الْتَمِسُوْ مَا فِيْ الْعَشْرِ الأَوَاخِرِ فَإِنْ ضَعُفَ أَحَدُ كُمْ أَوْ عَجَزَ فَلاَ يُغْلَبَنَّ عَلَى السَّبْعِ الْبَوَاقِي

“Carilah di sepuluh hari terakhir, jika tidak mampu maka jangan sampai terluput tujuh hari sisanya” [4]

Ini menafsirkan sabdanya.

أَرَى رُؤْيَا كُمْ قَدْ تَوَاطَأَتْ فَمَنْ كَانَ مُتَحَرِّيَهَا فَلْيَتَحَرَّ هَا فيْ السَّبْعِ الأَوَاخِِرِ

“Aku melihat mimpi kalian telah terjadi, barangsiapa yang mencarinya carilah pada tujuh hari terakhir” [5]

Telah diketahui dalam sunnah, pemberitahuan ini ada karena perdebatan para sahabat. Dari Ubadah bin Shamit Radhiyallahu ‘anhu, ia berkata : Rasulullah Shallallahu ‘alaihi wa sallam ke luar pada malam Lailatul Qadar, ada dua orang sahabat berdebat, beliau bersabda : “Aku keluar untuk mengkhabarkan kepada kalian tentang malam Lailatul Qadar, tapi ada dua orang berdebat hingga tidak bisa lagi diketahui kapannya; mungkin ini lebih baik bagi kalian, carilah di malam 29. 27. 25 (dan dalam riwayat lain : tujuh, sembilan dan lima)” [6]

Telah banyak hadits yang mengisyaratkan bahwa malam Lailatul Qadar itu pada sepuluh hari terakhir, yang lainnya menegaskan, di malam ganjil sepuluh hari terakhir.
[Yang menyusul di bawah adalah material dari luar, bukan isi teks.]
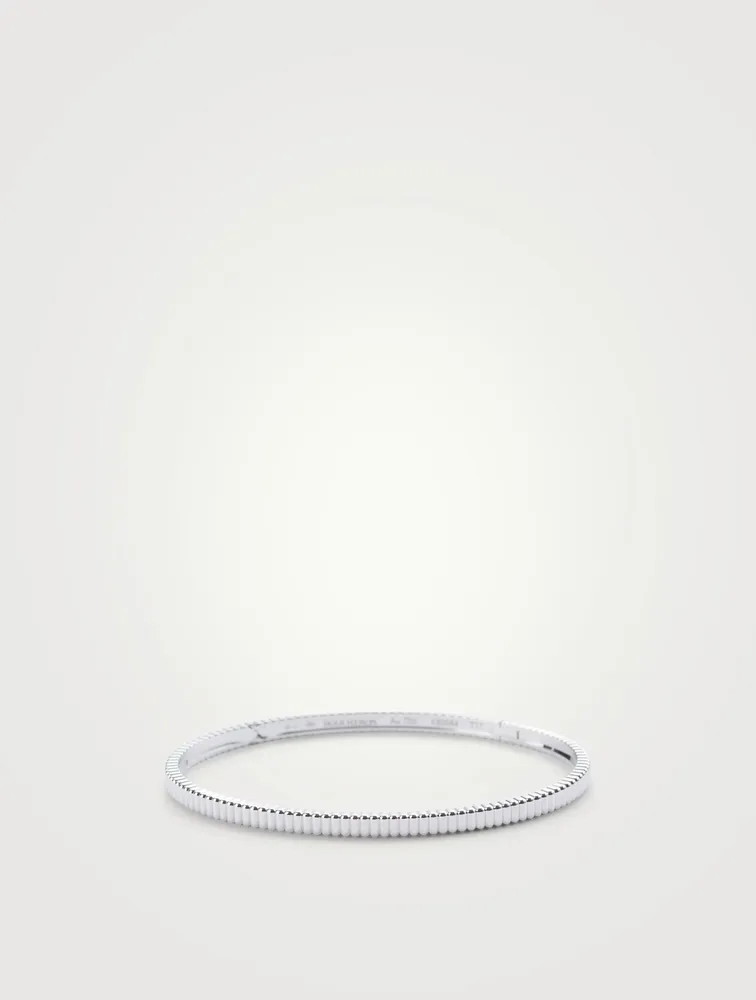 Small Grosgrain White Gold Bangle Bracelet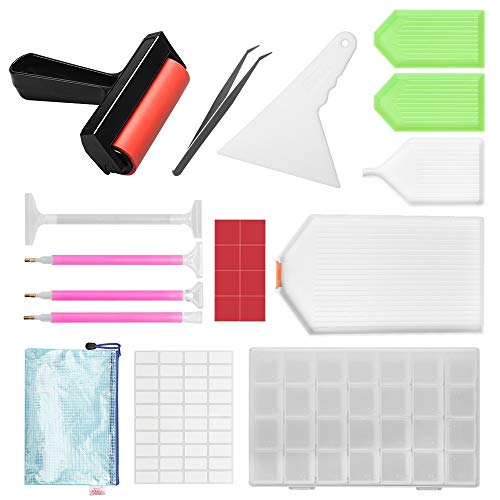 Tomorotec Complete 5D Diamond Painting Kit Tool, Diamond Painting Accessories, Light Drill Pens, Fix Tools Aligning Repair, Painting Roller, Storage Box, Plastic Tray Kits for DIY Craft - Image 1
Hadits yang pertama sifatnya umum sedang hadits kedua adalah khusus, maka riwayat yang khusus lebih diutamakan dari pada yang umum, dan telah banyak hadits yang lebih menerangkan bahwa malam Lailatul Qadar itu ada pada tujuh hari terakhir bulan Ramadhan, tetapi ini dibatasi kalau tidak mampu dan lemah, tidak ada masalah, dengan ini cocoklah hadits-hadits tersebut tidak saling bertentangan, bahkan bersatu tidak terpisah.

Kesimpulannya.
Jika seorang muslim mencari malam lailatul Qadar carilah pada malam ganjil sepuluh hari terakhir : 21, 23,25,27 dan 29. Kalau lemah dan tidak mampu mencari pada sepuluh hari terakhir, maka carilah pada malam ganjil tujuh hari terakhir yaitu 25,27 dan 29. Wallahu ‘alam

3. Bagaimana Mencari Malam Lailatul Qadar.?
 
Sesungguhnya malam yang diberkahi ini, barangsiapa yang diharamkan untuk mendapatkannya, maka sungguh telah diharamkan seluruh kebaikan (baginya). Dan tidaklah diharamkan kebaikan itu, melainkan (bagi) orang yang diharamkan (untuk mendapatkannya). Oleh karena itu dianjurkan bagi muslimin (agar) bersemangat dalam berbuat ketaatan kepada Allah untuk menghidupkan malam Lailatul Qadar dengan penuh keimanan dan mengharapkan pahala-Nya yang besar, jika (telah) berbuat demikian (maka) akan diampuni Allah dosa-dosanya yang telah lalu.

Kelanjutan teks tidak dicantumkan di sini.